Exercise objective — Could you repeat every entry below word for word, leaving out the pictures?

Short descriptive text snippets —
- Opening Delimiter -

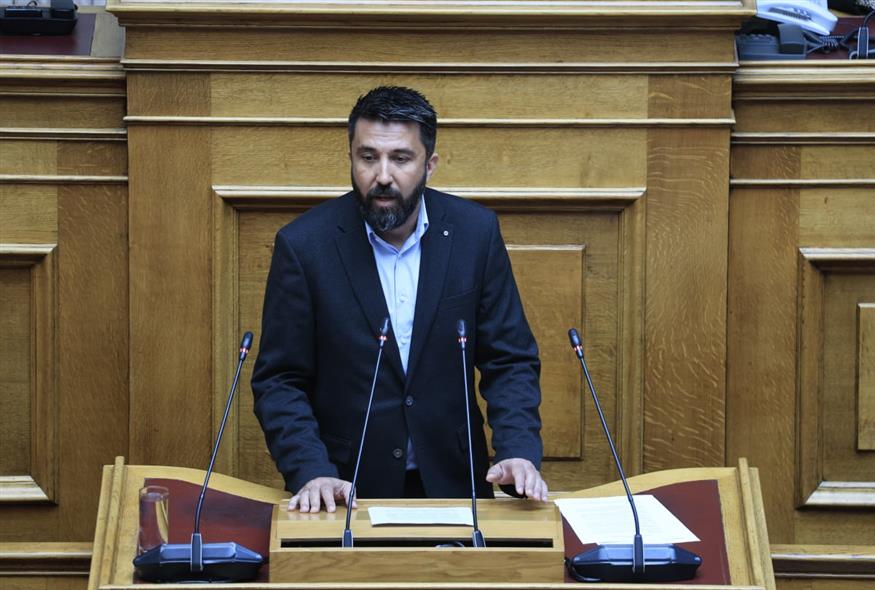 (ΓΙΩΡΓΟΣ ΚΟΝΤΑΡΙΝΗΣ/EUROKINISSI)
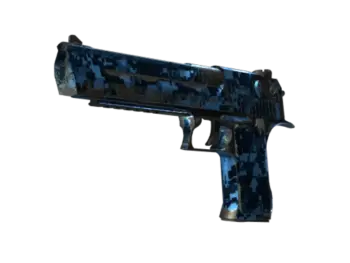 Desert Eagle | Cobalt Disruption (Field-Tested)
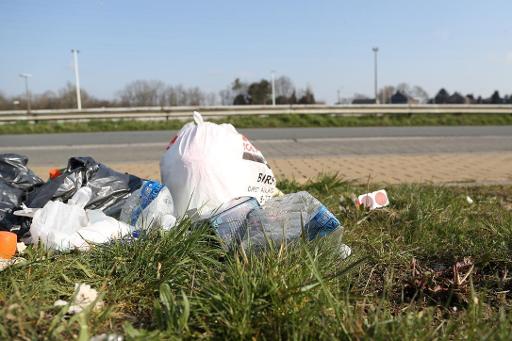 You dump? You pay! Fines for environmental offences on the rise in Flanders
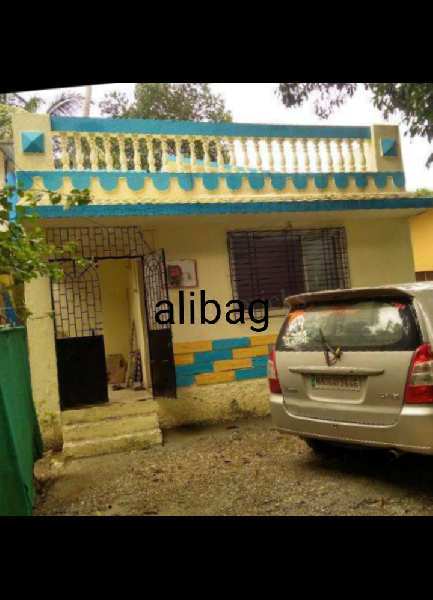 1 BHK Individual Houses / Villas for Sale in Nagaon, Raigad (3750 Sq.ft.)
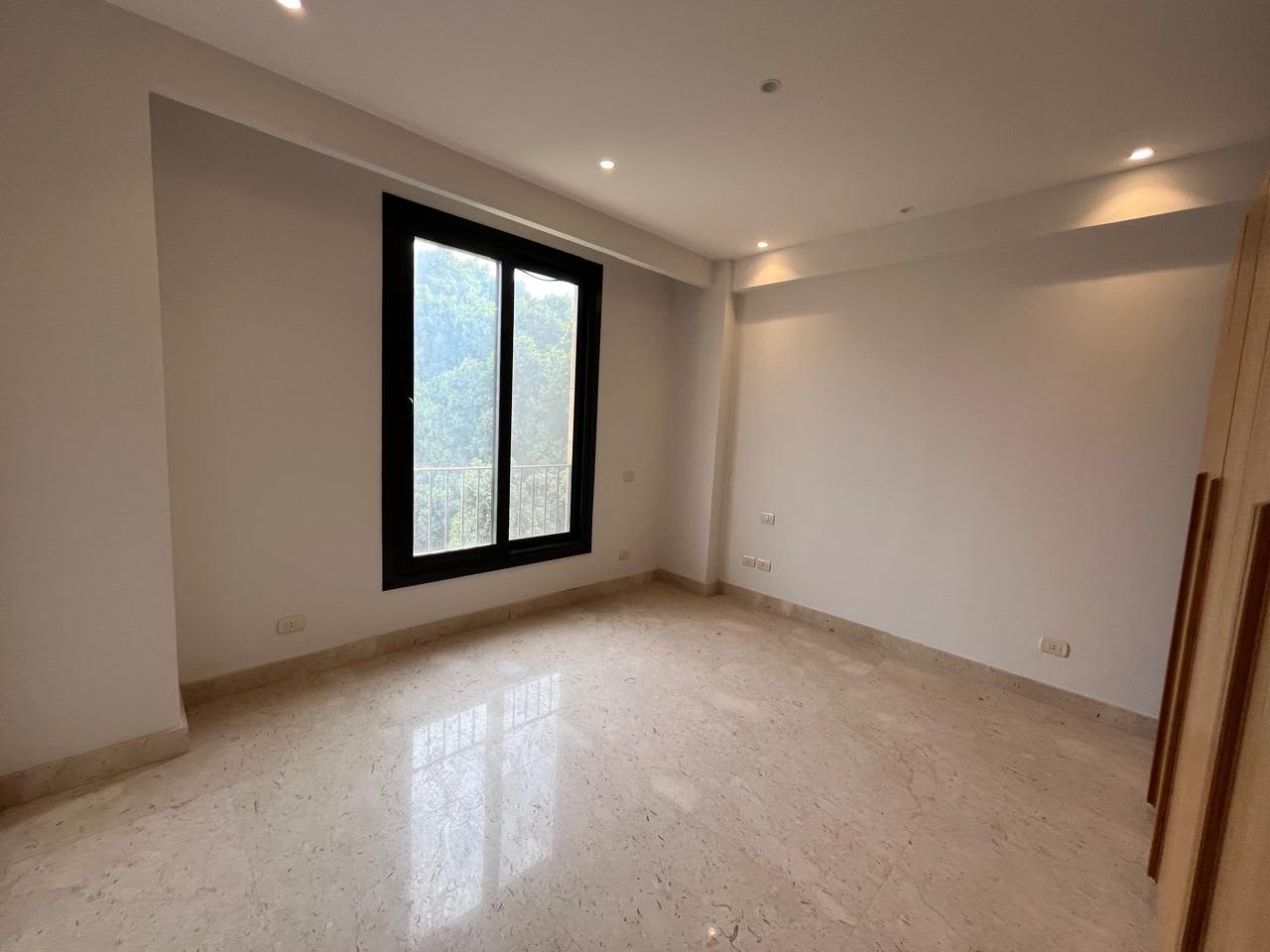 Spacious 3 Bedroom Apartment in Maadi 180 sqm Living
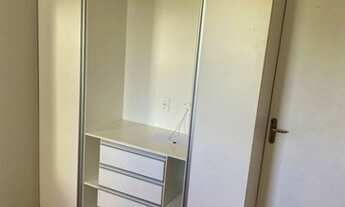 Imagem 4: Apartamento com 3 dormitórios à venda, 70 m² por R$ 3500,00 - Cézar de Souza - Mogi das Cr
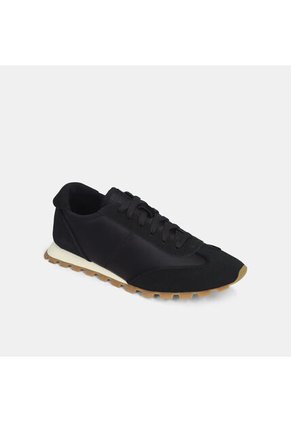 Tenis Para Mujer Bata Negro Guangzhou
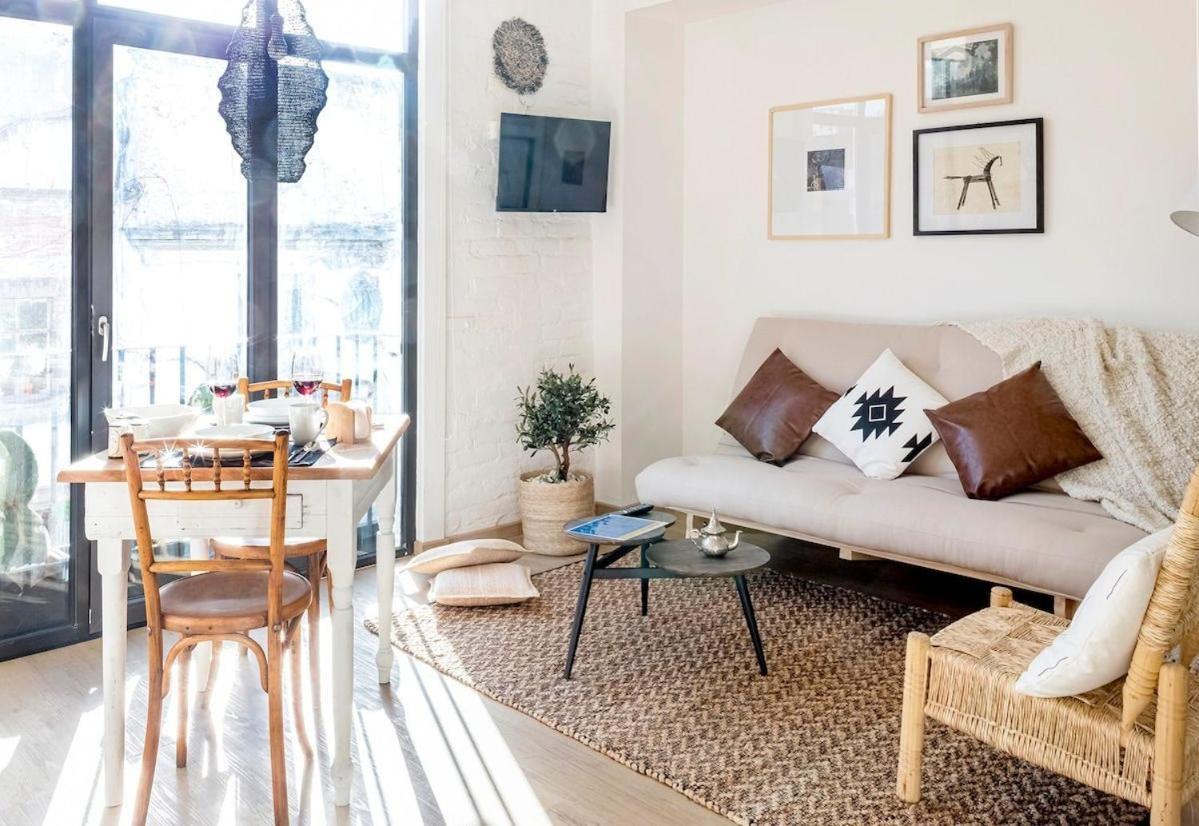 Loft Boho En El Centro Historico Imperdible Leilighet Mexico by Eksteriør bilde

- Closing Delimiter -

Reply to the exercise —
 (ΓΙΩΡΓΟΣ ΚΟΝΤΑΡΙΝΗΣ/EUROKINISSI)
 Desert Eagle | Cobalt Disruption (Field-Tested)
 You dump? You pay! Fines for environmental offences on the rise in Flanders
 1 BHK Individual Houses / Villas for Sale in Nagaon, Raigad (3750 Sq.ft.)
 Spacious 3 Bedroom Apartment in Maadi 180 sqm Living
 Imagem 4: Apartamento com 3 dormitórios à venda, 70 m² por R$ 3500,00 - Cézar de Souza - Mogi das Cr
 Tenis Para Mujer Bata Negro Guangzhou
 Loft Boho En El Centro Historico Imperdible Leilighet Mexico by Eksteriør bilde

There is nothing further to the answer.